Indo praticando pelos cemceirais de Coimbra ao longo do Mondego dois amigos, que saíram da cidade, um deles dado muito ao estudo da humanidade, que presumia excessivamente de discreto e grande filósofo, e queria antes parece-lo, que sê-lo, da condição dos que escolhem antes latão lustroso, que prata sem lustro, outro menos humanista, mas mais humano, encontraram com um ermitão, homem religioso e letrado, de que tinham conhecimento doutro tempo, em que todos naquela universidade estudaram e conversaram. E depois de sandados, e passarem ante si algumas amorosas palavras, perguntou o filósofo ao ermitão como estava, e que anos tinha de idade, porque lhe parecia mais velho do que ele julgava ser:

- Ermitão: Eu não estou, nem tenho nem um só ano de idade; e o mesmo podem com verdade dizer de si todos os homens.

- Filósofo: É nova opinião, essa.

- Er: Nem é nova nem opinião, se não antiga e manifesta verdade. Que se fora nova começara há pouco, mas ela é sentença dos sábios antigos, que de si deixaram gloriosa memória: e se fôra opinião fôra de coisas contingentes e incertas, mas ela é necessária e certíssima.

- Fi: E eu tenho-a por falsíssima. E é ou tão são dúvida, que a não terá nisso, se não quem segundo o costume dos académicos, quiser em tudo duvidar.
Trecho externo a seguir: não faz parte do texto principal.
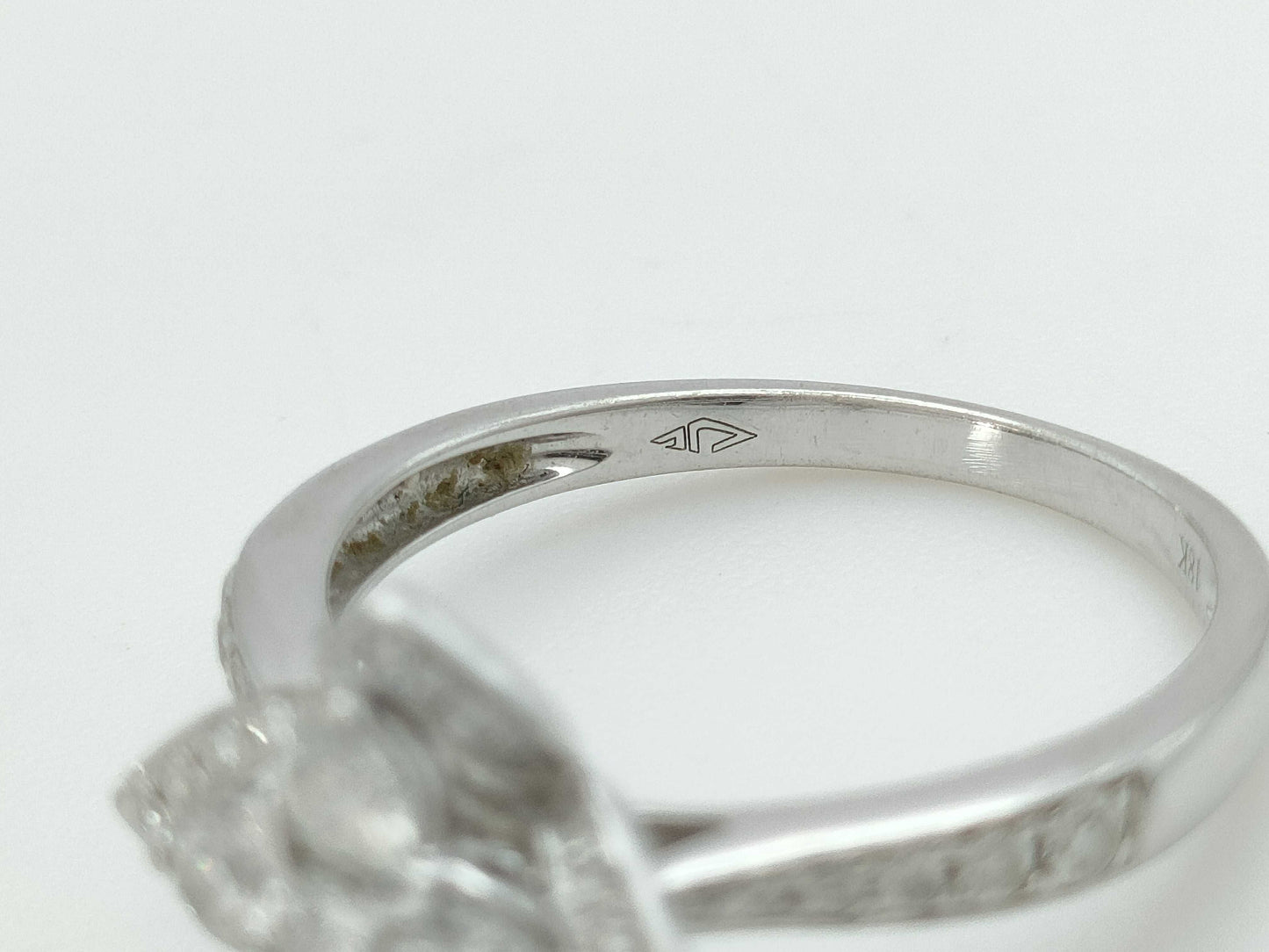 Diamond K18 3.2g Ring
- Companheiro: Aí há verdades que não parecem, não por não serem, mas por não entendermos a diversidade do estilo em que são ditas. Digo isto, porque o padre, como se desnaturou do mundo, para que quanto dele estivesse mais apartado, tanto estivesse com Deus mais unido, e quanto mais longe estivesse da terra, e de si ainda mais longe, tanto mais perto estivesse do céu, tem outro estilo tão diferentes do nosso, que havemos de entender: que se o não estendemos é porque passa ele além das balisas do nosso entendimento, mas não porque em suas palavras haja erro, nem falsidade.
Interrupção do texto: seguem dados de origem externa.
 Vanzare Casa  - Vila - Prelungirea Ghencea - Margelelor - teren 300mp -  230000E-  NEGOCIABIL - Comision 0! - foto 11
- Fi: Não sei porque sem razões, para escusar uma sem razão: pois de querer escusar uma nascem muitas. Assim, como lançando uma pedra num grande poço se faz um círculo na água, e dele procede outro maior, e este maior faz outro mais estendido, após o qual vem outro e outros cada vez maiores, quase em infinito, assim de um erro nasce outro, e este traz outro consigo maior, após o qual vem muitos outros cada vez maiores, quase em infinito, se lhe não atalham logo no princípio. Fácil coisa seria atalhar logo no princípio a um rio, entupindo-lhe a fonte, donde nasce, ou lançando-lha por outra banda: mas depois que nele entrada de muitos rios se faz poderoso e profundo, não há quem lhe possa resistir. Isto é o que diz Aristóteles, que pequeno erro no princípio se faz grande no fim, e que dado um inconveniente se seguem muitos. E às vezes de não apagar uma palha, se vem atear o fogo numa e noutra até que se vem a queimar toda uma casa, e de pequena faisca se faz grande incêndio.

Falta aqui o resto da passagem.